Differences among the candidates were apparent on some other issues. In response to a question about fostering a sense of inclusion for all students, particularly minority students, Daniels praised the hiring of Jennifer Rowe two years ago as the school’s first director of equity and belonging, calling it one of the biggest successes in her two years on the school board.

“She brings a really neat perspective to all of us, to learn from her and to engage the staff and the students,” Daniels said. “And what I like about it is that she sits at our board table and she brings a lens, an equity lens, to all.”

Evans said all students should be given the resources to succeed without regard to race or ethnicity. He wanted to see evidence that Rowe’s hiring has made a positive impact.

“Just hiring somebody doesn’t mean that’s a success,” Evans said. “Spending money is not working. Now what I do know though is there has been a change in the culture at LT that has created more tension versus lowering tensions, and I’d like to explore why that happened and advocate for change where it is needed.”

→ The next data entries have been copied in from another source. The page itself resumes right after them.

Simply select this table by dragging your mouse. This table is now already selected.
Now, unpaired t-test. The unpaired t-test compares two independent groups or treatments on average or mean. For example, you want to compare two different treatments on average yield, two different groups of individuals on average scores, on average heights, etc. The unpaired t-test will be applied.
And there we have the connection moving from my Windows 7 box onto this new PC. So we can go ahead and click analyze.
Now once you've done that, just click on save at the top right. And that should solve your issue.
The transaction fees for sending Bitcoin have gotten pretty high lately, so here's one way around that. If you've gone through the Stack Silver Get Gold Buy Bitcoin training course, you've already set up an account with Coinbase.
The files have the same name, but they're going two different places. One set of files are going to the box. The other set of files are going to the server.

Clark said that he hasn’t seen evidence of improvement in the test scores of minority students.

“I have not been able to find any data that shows that what people are trying to do in regards to making it more equitable is paying off in regards to the growth data, at least when it comes to the data point of SAT,” Clark said.

All the candidates said they supported social-emotional learning, but Evans wanted to see more evidence and information about SEL. Vlcek, who is the director of plant operations for Weinstein Wholesale Meats and a volunteer in the LTHS InCubator business program, said SEL is critical. 

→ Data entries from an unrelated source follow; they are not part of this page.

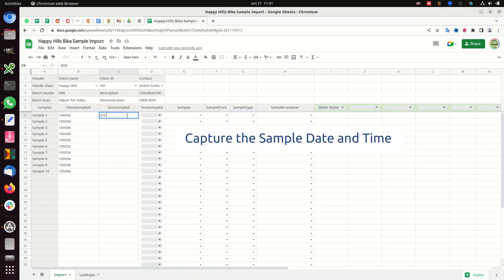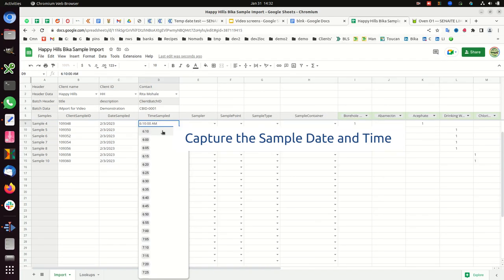Capture the sample date and time. Capture the sampler, sample point, sample type, and container.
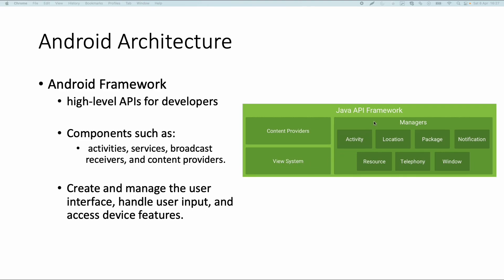And then there are also different managers. For example the notification manager you can use to push notifications on the device, the location manager to handle location, and the activity manager which handles the application life cycle.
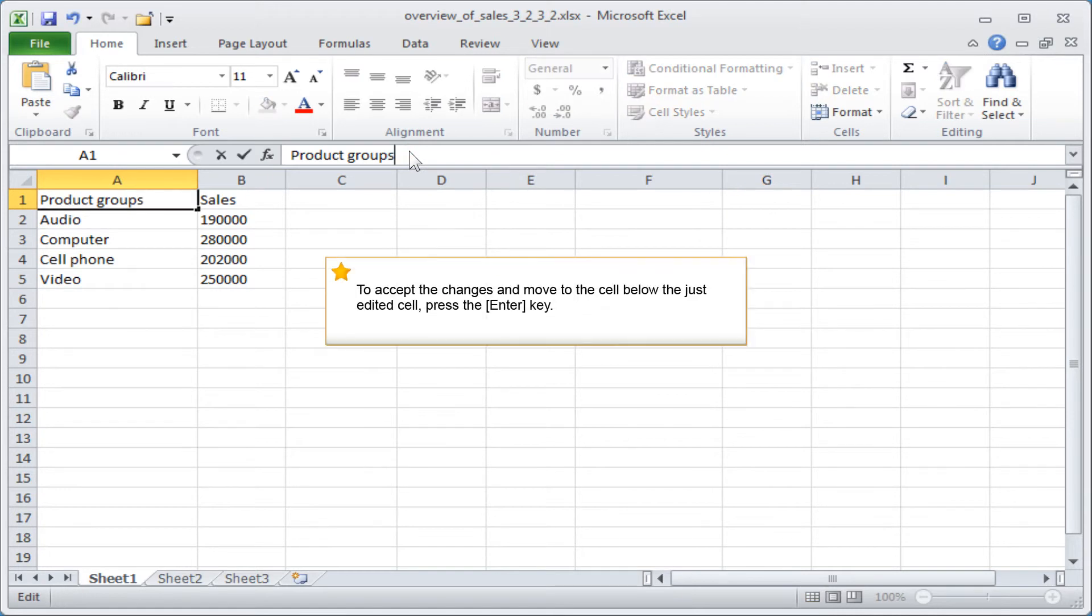To accept the changes and move to the cell below the just edited cell, press the Enter key.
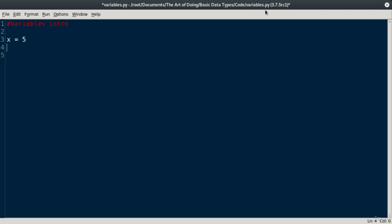I'm sure you're all familiar with variables. You all took a math class, hopefully, where we saw something like this. X is equal to 5. Variables are used to store information. There's a variable name, in our case x, which we can arbitrarily choose, and then a variable value, in our case 5, which represents the actual information that's being stored.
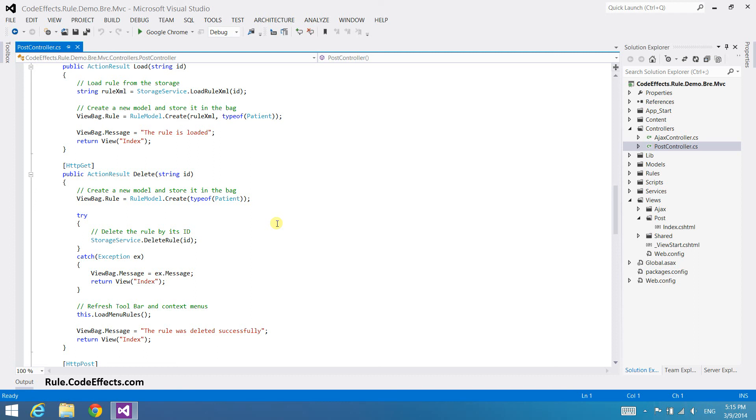Remember that WebRule just gives you an XML string representation of your rule. It is entirely up to you how and where to save it.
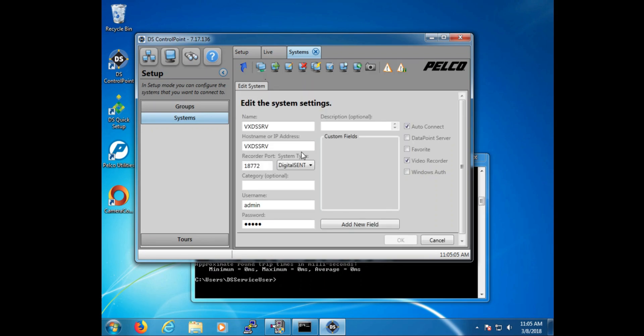Here at the edit system settings page, we can see the name, the host name, or IP. Either can be used in this field, which can be obtained as we talked about earlier. Lastly, and what we're going to talk about is the port. That's 18772.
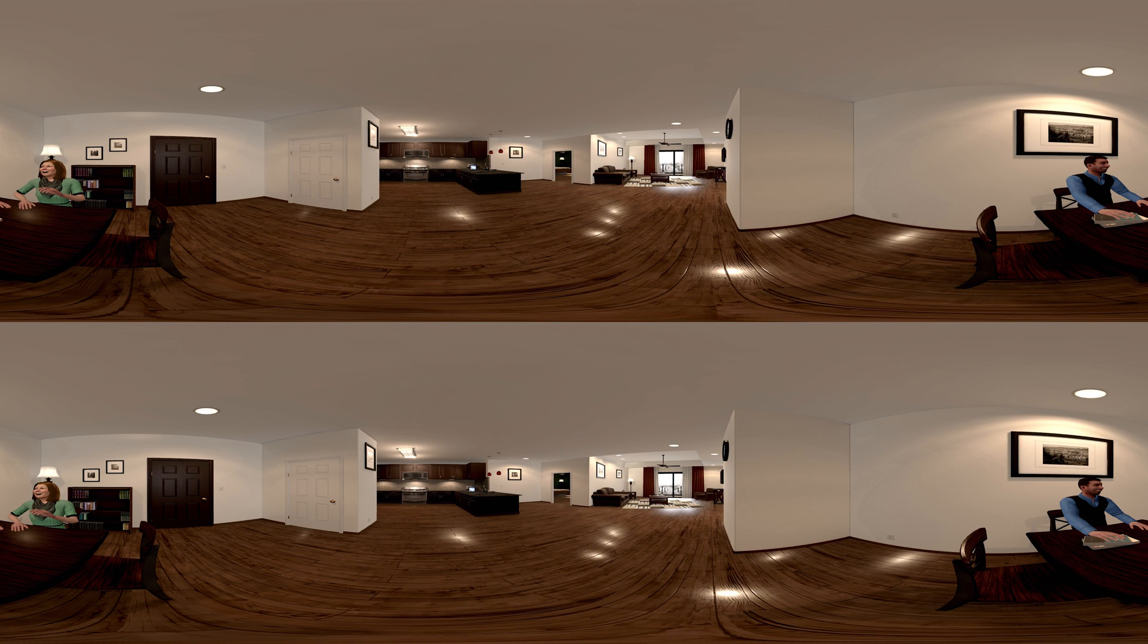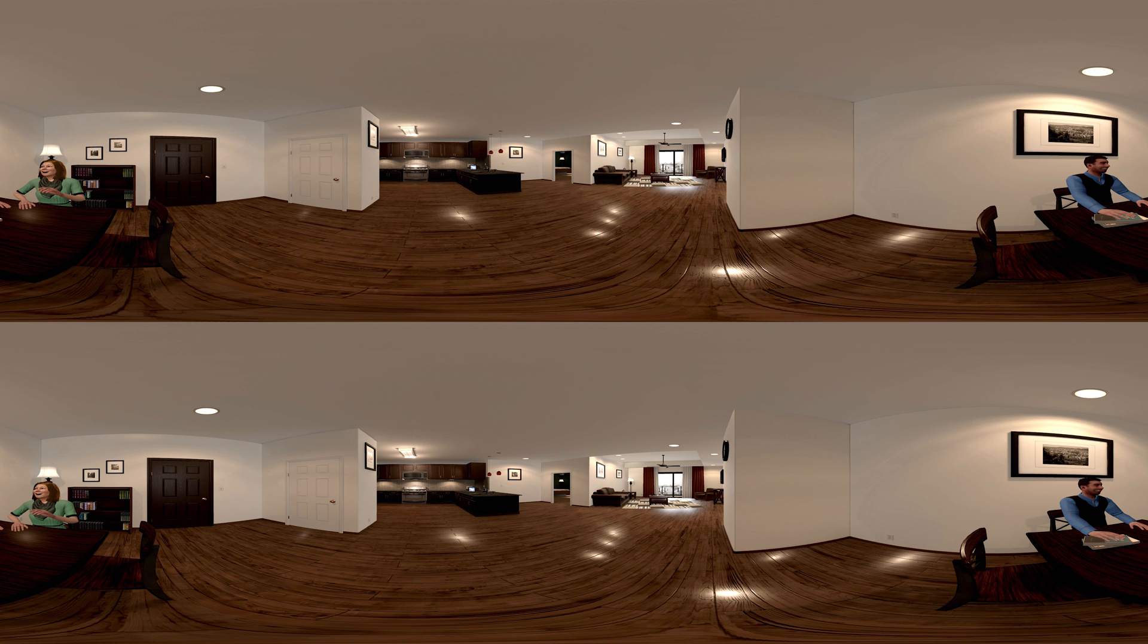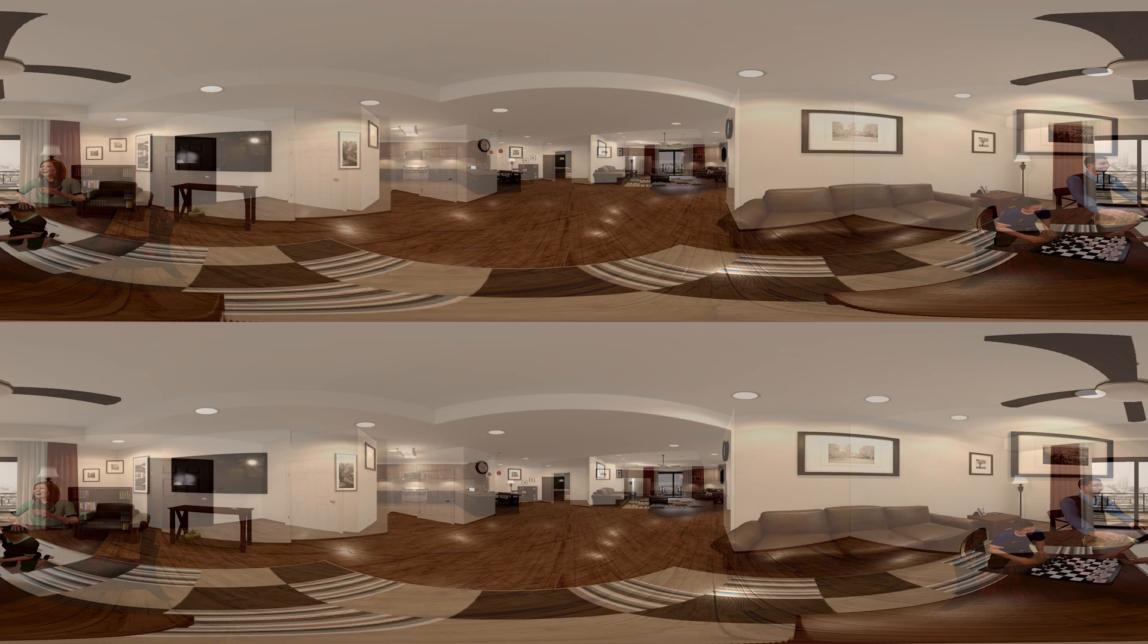Together we practice everyday interactions in the safety of our virtual world. Our expert clinicians coach children, teens, and adults through a game-like VR environment in real time to unlock their true social potential.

“I think our students today, probably somewhat related to COVID, have a lot of anxiety, isolation and depression and I think we need to be aware of that,” Vlcek said. “And I think we need to maybe work on teaching coping skills to get past some of the problems that they have.”

All the candidates opposed book banning, but Evans said that he would like to see a review of the books assigned at LTHS. 

“I would like a review of what is offered as well as community and parent engagement,” Evans said.

Three days before the forum, the school board announced it was no longer seeking to sell the approximately 70-acre parcel of land the school owns in Willow Springs. An attempted sale to an industrial developer, which generated vociferous opposition from those who live near the land, fell through in January.

Evans criticized the way the school board went about the sale.

“The way that they did it in secrecy with zero transparency or input from the community was wrong,” Evans said.

Herndon accused the school board of violating the Open Meetings Act by apparently discussing the possible sale in numerous closed sessions from April until November without specifying in the motion to go into closed session that they were going to discuss the possible sale of property.

Dillon said that the school board has learned from the experience and would put that knowledge to work should it decide to explore selling the land in the future.

“We’re continuing to listen to the community members, and we are going to be using that information that we gather and that we’ve learned through this process to inform decisions should the board decide that they do want to move forward with it,” Dillon said.

In her closing statement Dillon, who was elected to the school board four years ago as something of an outsider, defended her record on the school board.

“I helped navigate through a pandemic, changes in grading practices and social unrest, and in the face of all that we established the first-ever equity statement, expanded our student services, adopted LT’s first-ever strategic plan and completed a facilities study with community input,” Dillon said.